-- DATA RECORDS follows --
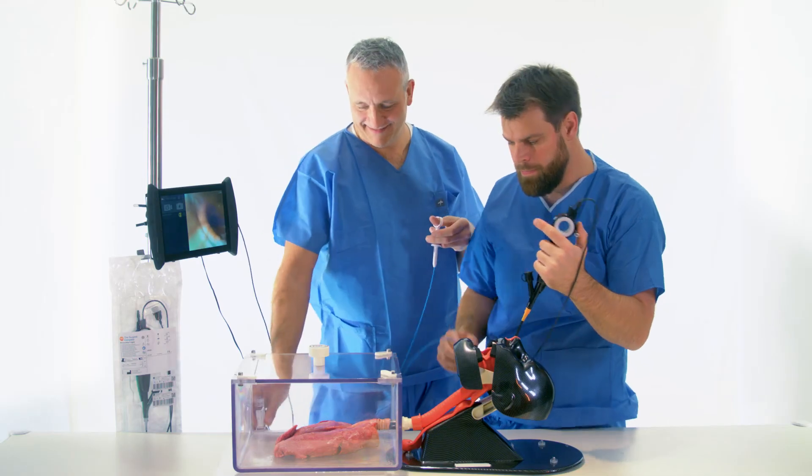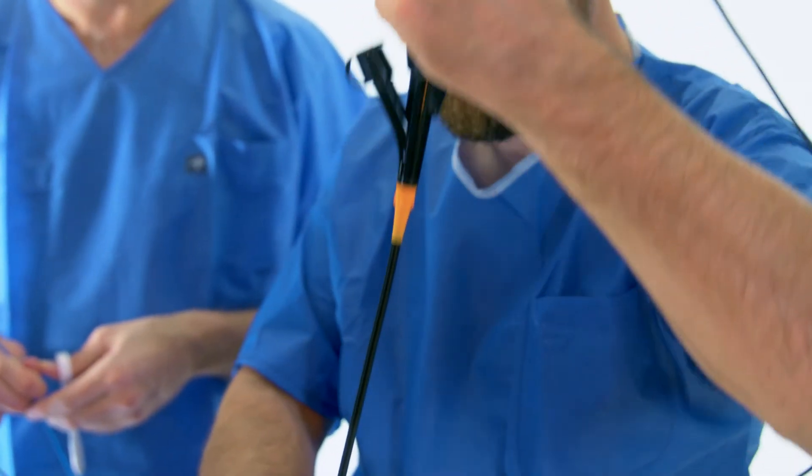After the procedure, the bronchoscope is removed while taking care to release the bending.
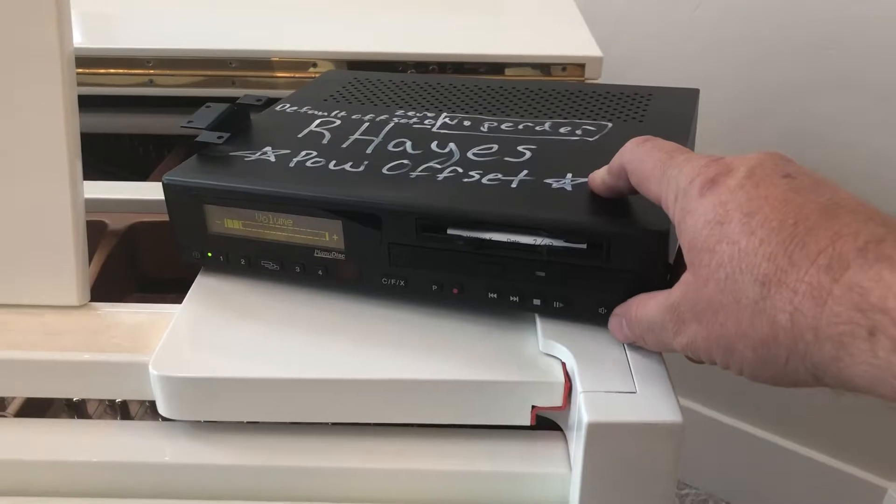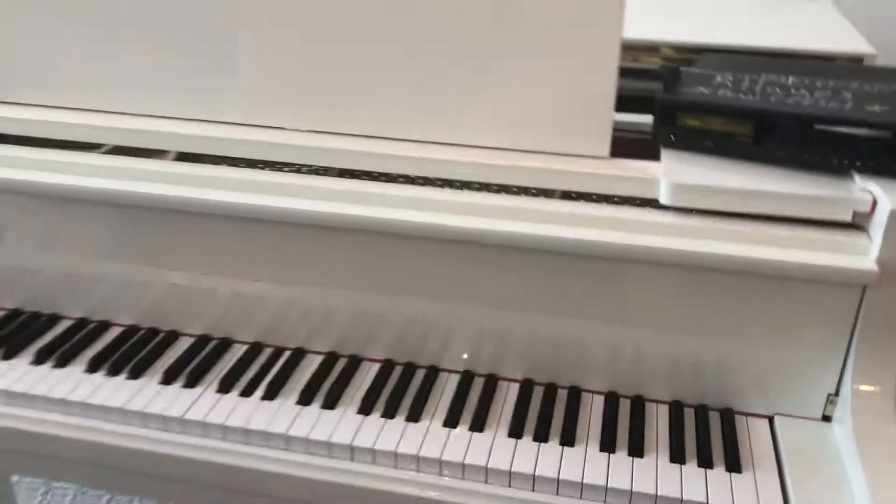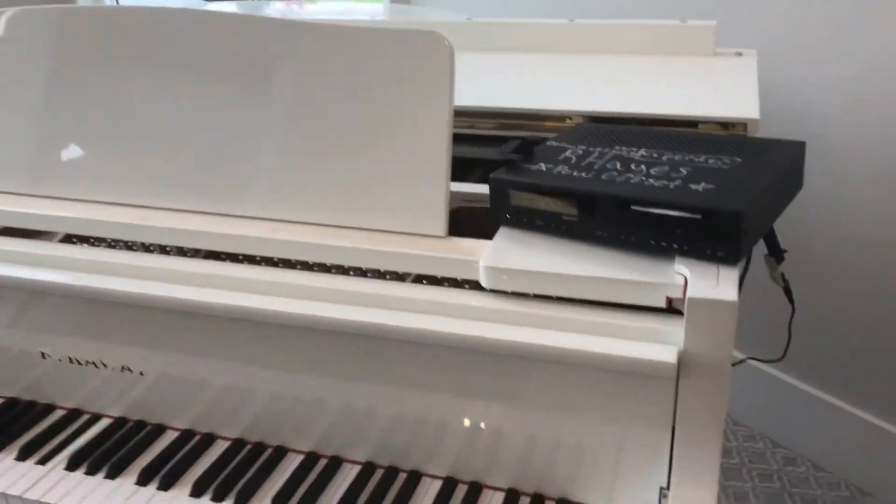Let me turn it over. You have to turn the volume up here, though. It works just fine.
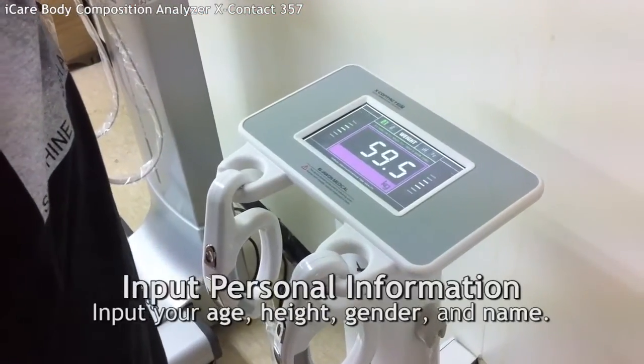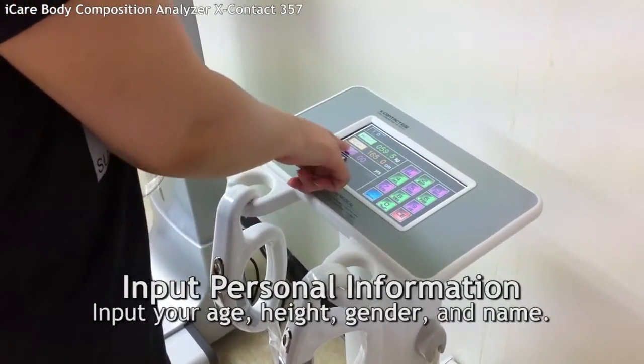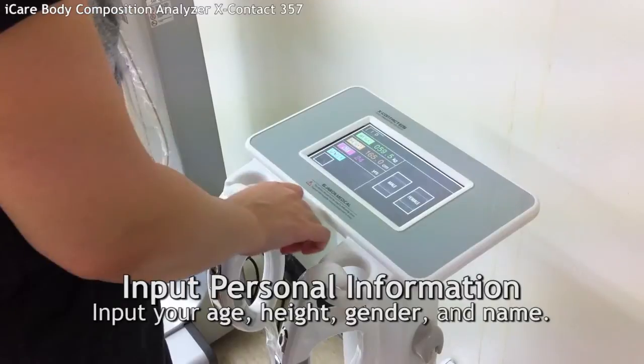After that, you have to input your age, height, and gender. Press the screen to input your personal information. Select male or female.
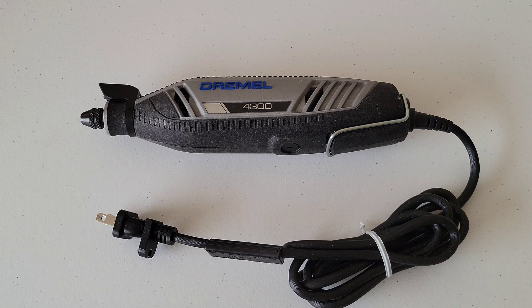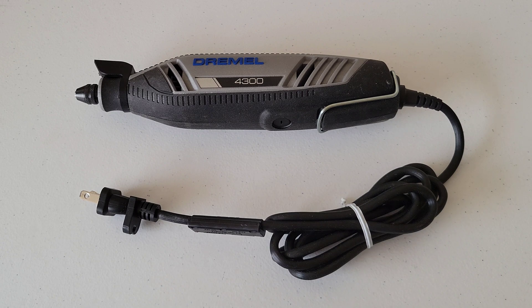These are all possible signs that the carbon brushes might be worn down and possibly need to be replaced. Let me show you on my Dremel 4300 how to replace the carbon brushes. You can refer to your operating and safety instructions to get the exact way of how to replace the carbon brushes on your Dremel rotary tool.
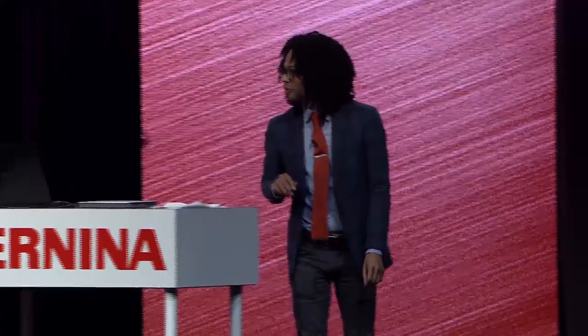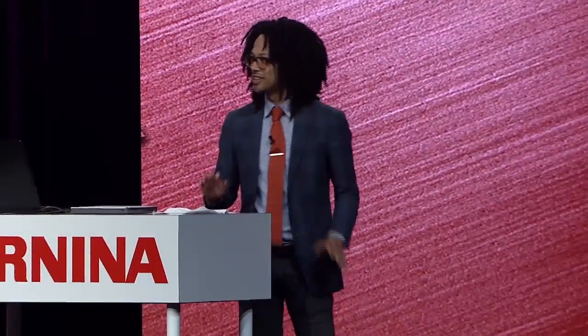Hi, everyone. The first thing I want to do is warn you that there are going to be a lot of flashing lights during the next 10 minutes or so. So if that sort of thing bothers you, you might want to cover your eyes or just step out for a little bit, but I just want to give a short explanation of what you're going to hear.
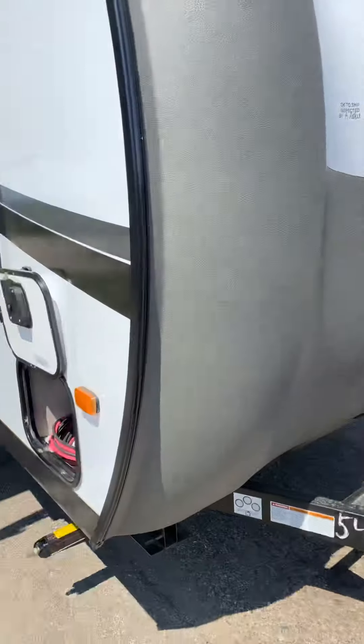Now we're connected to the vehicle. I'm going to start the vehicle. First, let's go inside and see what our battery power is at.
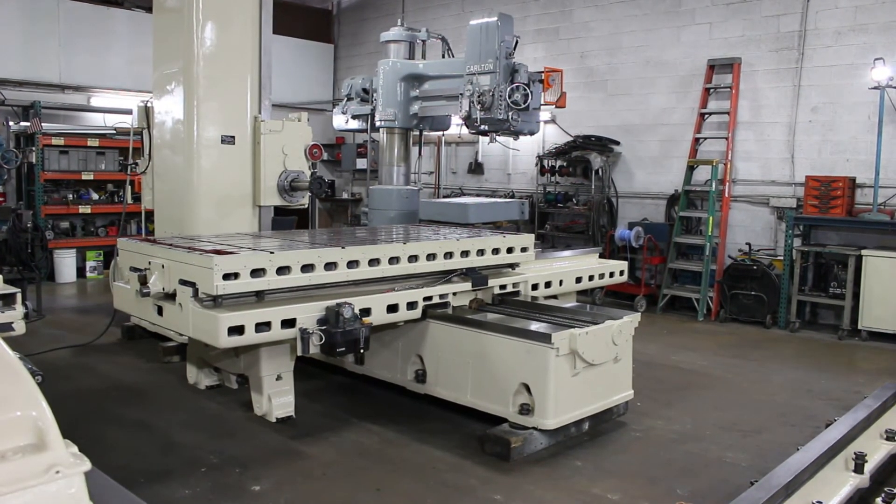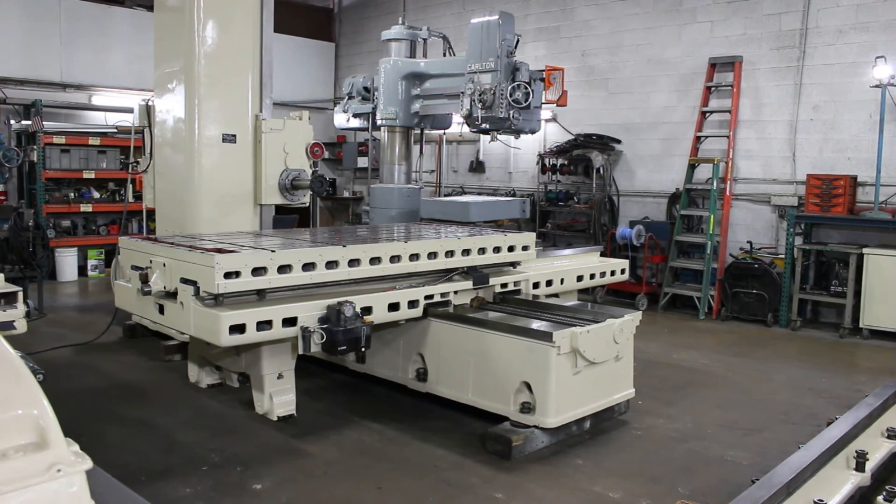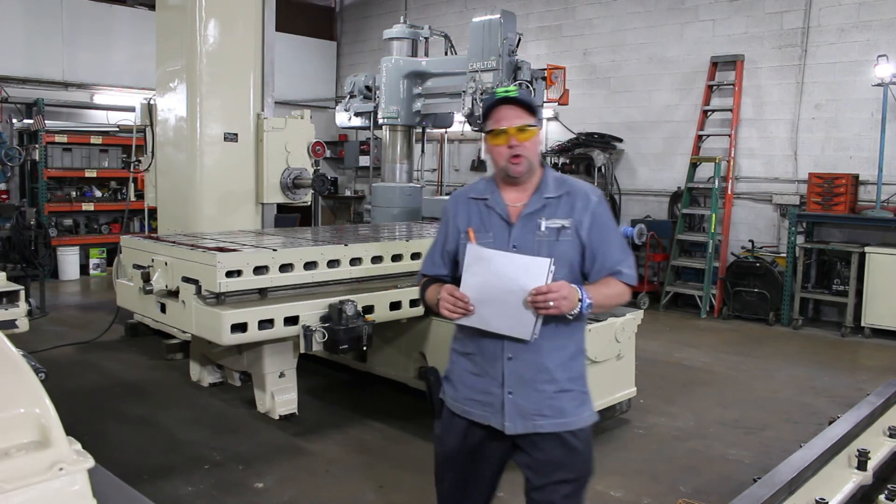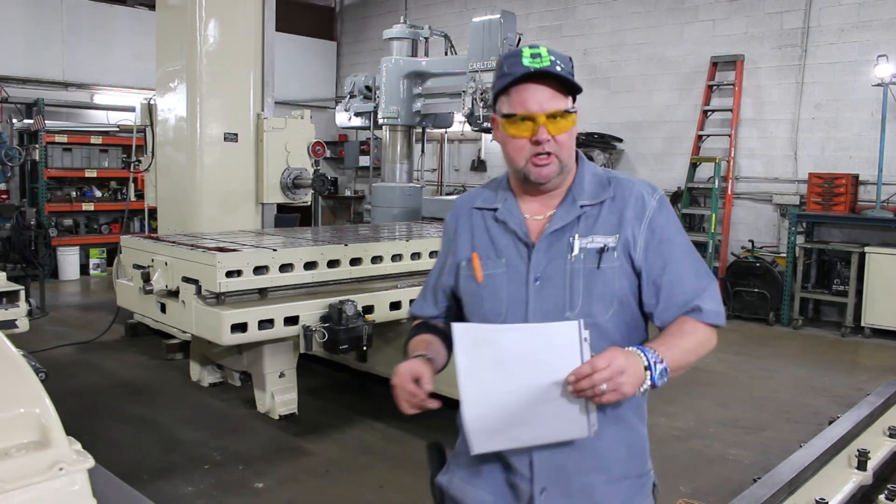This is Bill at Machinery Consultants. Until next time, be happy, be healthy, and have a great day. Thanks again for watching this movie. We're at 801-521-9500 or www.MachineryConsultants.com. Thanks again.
-- DATA RECORDS concluded --
Using the records above, repeat exactly the run of lines that starts with the line with "Let me turn" and goes on through the line with "After that, you"; omit each picture.

Let me turn it over. You have to turn the volume up here, though. It works just fine.
After that, you have to input your age, height, and gender. Press the screen to input your personal information. Select male or female.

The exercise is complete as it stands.